Would you repeat exactly the part of the listing below that runs from the line containing "Used 2021 Toyota" down to the line containing "Max Studio Green", inclusive, and nothing else?

═══

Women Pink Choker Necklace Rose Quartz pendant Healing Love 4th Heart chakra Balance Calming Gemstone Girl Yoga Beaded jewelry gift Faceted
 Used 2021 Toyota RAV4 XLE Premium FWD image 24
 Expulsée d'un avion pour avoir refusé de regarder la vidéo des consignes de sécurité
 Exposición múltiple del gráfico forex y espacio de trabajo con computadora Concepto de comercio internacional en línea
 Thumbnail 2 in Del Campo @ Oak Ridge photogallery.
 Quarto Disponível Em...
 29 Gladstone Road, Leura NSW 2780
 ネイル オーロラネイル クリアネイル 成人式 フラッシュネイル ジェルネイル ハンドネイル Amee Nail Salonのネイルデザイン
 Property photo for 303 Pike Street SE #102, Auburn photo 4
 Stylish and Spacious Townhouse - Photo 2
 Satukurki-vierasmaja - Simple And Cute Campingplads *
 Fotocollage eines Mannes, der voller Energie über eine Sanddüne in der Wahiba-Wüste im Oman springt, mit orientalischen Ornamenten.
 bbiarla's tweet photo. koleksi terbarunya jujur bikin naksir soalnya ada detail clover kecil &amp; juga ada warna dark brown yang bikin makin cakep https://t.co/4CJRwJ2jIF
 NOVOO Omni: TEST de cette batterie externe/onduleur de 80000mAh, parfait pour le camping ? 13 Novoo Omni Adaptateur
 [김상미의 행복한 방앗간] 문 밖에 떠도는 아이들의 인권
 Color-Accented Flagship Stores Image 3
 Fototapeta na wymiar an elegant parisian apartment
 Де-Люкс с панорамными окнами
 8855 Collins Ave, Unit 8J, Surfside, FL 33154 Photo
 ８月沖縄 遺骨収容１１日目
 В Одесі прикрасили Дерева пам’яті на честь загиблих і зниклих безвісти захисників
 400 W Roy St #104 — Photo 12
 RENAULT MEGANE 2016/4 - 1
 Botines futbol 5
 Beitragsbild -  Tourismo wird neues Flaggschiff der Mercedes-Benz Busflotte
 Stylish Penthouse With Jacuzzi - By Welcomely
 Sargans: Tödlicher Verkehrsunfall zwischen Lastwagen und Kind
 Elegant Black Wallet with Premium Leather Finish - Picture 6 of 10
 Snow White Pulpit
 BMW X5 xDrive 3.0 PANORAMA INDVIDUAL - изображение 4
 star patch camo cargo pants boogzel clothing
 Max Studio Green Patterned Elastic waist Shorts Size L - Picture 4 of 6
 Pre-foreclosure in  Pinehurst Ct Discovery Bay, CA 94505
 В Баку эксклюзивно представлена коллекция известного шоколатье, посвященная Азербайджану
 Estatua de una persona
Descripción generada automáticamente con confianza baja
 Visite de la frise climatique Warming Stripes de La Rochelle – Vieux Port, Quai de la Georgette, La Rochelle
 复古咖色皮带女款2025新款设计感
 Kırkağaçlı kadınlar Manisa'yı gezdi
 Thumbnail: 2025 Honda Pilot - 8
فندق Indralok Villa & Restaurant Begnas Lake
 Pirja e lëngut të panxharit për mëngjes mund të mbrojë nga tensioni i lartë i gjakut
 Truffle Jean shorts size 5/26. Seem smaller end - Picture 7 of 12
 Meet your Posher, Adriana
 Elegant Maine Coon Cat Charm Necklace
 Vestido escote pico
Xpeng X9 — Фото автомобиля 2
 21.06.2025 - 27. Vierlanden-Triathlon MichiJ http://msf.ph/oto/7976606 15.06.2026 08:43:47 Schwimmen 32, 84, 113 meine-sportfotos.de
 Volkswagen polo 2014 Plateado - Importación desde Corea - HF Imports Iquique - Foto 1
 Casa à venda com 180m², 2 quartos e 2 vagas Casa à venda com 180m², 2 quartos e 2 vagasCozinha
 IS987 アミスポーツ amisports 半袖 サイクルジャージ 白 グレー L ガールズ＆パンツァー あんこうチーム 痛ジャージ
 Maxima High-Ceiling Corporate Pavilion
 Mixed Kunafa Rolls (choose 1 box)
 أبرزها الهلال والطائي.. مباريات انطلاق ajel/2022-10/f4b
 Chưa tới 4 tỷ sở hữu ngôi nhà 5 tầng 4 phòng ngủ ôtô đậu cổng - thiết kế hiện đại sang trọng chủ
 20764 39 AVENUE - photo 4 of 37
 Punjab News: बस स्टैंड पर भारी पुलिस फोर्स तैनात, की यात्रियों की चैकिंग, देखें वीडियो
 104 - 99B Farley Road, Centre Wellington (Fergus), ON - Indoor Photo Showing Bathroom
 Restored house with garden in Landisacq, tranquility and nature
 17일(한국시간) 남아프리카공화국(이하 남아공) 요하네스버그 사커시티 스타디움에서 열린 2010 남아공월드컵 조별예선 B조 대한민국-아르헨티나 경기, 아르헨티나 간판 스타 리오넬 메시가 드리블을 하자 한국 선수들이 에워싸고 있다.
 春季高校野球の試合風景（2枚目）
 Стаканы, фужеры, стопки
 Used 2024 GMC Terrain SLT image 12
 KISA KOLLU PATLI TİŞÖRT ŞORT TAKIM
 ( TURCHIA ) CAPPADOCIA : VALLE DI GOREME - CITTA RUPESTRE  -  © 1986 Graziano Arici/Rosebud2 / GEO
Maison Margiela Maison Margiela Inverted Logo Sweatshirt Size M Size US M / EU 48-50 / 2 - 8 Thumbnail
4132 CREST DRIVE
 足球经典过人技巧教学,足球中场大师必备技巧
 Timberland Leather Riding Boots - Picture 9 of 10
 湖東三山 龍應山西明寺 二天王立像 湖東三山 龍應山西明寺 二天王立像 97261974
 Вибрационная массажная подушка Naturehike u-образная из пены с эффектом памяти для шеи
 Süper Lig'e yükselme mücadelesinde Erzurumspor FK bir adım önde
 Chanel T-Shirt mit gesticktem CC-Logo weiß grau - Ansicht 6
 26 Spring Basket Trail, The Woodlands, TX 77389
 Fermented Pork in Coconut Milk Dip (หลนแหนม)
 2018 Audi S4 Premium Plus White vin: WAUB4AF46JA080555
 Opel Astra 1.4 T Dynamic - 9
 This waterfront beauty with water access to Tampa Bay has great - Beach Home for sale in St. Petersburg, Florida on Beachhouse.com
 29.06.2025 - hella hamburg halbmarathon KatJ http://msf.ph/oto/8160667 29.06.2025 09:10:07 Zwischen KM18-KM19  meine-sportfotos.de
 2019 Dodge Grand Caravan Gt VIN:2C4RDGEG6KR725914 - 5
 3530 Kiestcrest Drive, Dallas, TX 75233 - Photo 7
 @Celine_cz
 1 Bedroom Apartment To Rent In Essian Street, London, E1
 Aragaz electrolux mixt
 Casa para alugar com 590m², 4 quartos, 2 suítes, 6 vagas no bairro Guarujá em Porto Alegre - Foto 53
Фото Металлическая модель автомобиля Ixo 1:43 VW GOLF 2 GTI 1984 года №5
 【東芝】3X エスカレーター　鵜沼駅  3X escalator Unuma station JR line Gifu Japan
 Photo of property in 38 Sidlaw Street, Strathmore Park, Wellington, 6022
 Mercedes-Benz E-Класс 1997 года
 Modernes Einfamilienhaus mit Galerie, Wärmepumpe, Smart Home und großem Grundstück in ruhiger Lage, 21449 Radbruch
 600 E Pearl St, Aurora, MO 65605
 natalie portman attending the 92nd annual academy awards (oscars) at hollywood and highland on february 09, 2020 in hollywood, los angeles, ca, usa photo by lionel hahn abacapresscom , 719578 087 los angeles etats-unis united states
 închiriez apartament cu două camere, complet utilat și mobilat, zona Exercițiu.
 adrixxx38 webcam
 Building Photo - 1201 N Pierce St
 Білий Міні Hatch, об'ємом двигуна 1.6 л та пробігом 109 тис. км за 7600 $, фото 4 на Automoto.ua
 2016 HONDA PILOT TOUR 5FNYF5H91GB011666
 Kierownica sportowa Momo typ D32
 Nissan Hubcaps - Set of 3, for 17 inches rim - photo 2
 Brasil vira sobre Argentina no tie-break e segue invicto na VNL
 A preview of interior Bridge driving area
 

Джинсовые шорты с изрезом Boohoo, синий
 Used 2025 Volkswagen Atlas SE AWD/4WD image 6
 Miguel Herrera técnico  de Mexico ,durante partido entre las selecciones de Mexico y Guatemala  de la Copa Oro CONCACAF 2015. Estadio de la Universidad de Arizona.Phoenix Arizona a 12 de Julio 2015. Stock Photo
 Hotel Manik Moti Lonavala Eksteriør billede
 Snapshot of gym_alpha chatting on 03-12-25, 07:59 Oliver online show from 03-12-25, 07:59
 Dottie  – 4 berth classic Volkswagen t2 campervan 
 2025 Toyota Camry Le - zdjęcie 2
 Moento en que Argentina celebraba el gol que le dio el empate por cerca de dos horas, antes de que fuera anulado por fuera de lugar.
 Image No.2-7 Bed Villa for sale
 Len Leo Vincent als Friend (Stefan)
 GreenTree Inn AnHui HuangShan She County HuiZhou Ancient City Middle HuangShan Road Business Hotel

═══

# Solution to the problem
 Used 2021 Toyota RAV4 XLE Premium FWD image 24
 Expulsée d'un avion pour avoir refusé de regarder la vidéo des consignes de sécurité
 Exposición múltiple del gráfico forex y espacio de trabajo con computadora Concepto de comercio internacional en línea
 Thumbnail 2 in Del Campo @ Oak Ridge photogallery.
 Quarto Disponível Em...
 29 Gladstone Road, Leura NSW 2780
 ネイル オーロラネイル クリアネイル 成人式 フラッシュネイル ジェルネイル ハンドネイル Amee Nail Salonのネイルデザイン
 Property photo for 303 Pike Street SE #102, Auburn photo 4
 Stylish and Spacious Townhouse - Photo 2
 Satukurki-vierasmaja - Simple And Cute Campingplads *
 Fotocollage eines Mannes, der voller Energie über eine Sanddüne in der Wahiba-Wüste im Oman springt, mit orientalischen Ornamenten.
 bbiarla's tweet photo. koleksi terbarunya jujur bikin naksir soalnya ada detail clover kecil &amp; juga ada warna dark brown yang bikin makin cakep https://t.co/4CJRwJ2jIF
 NOVOO Omni: TEST de cette batterie externe/onduleur de 80000mAh, parfait pour le camping ? 13 Novoo Omni Adaptateur
 [김상미의 행복한 방앗간] 문 밖에 떠도는 아이들의 인권
 Color-Accented Flagship Stores Image 3
 Fototapeta na wymiar an elegant parisian apartment
 Де-Люкс с панорамными окнами
 8855 Collins Ave, Unit 8J, Surfside, FL 33154 Photo
 ８月沖縄 遺骨収容１１日目
 В Одесі прикрасили Дерева пам’яті на честь загиблих і зниклих безвісти захисників
 400 W Roy St #104 — Photo 12
 RENAULT MEGANE 2016/4 - 1
 Botines futbol 5
 Beitragsbild -  Tourismo wird neues Flaggschiff der Mercedes-Benz Busflotte
 Stylish Penthouse With Jacuzzi - By Welcomely
 Sargans: Tödlicher Verkehrsunfall zwischen Lastwagen und Kind
 Elegant Black Wallet with Premium Leather Finish - Picture 6 of 10
 Snow White Pulpit
 BMW X5 xDrive 3.0 PANORAMA INDVIDUAL - изображение 4
 star patch camo cargo pants boogzel clothing
 Max Studio Green Patterned Elastic waist Shorts Size L - Picture 4 of 6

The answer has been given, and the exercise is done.